▶ THE TASK: From the line containing "anime screencap,drgbls1, Alone" down to the line containing "woman's face, chichon", copy out the entries below exactly, both lines included, and nothing else; pictures do not belong in the copy.
GIVEN INFORMATION: Begin
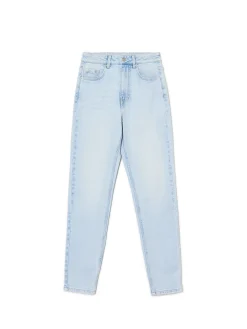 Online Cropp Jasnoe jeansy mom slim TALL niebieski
GIVEN INFORMATION: End
GIVEN INFORMATION: Begin
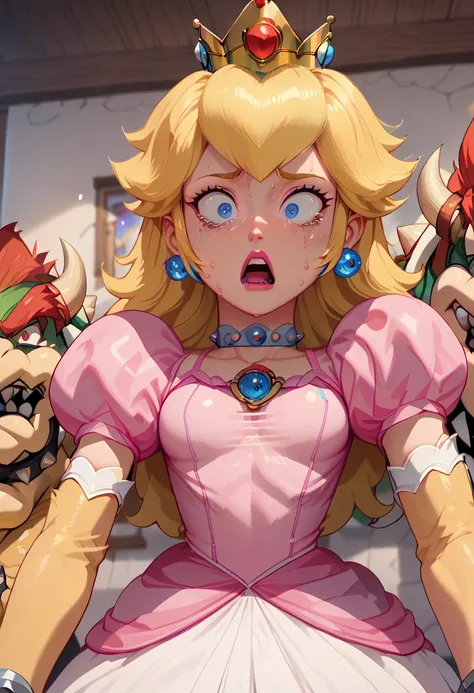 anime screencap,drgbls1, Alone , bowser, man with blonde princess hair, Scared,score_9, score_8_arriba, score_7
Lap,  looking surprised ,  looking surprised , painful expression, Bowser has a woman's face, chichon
GIVEN INFORMATION: End
▶ EXERCISE OUTPUT:
 anime screencap,drgbls1, Alone , bowser, man with blonde princess hair, Scared,score_9, score_8_arriba, score_7
Lap,  looking surprised ,  looking surprised , painful expression, Bowser has a woman's face, chichon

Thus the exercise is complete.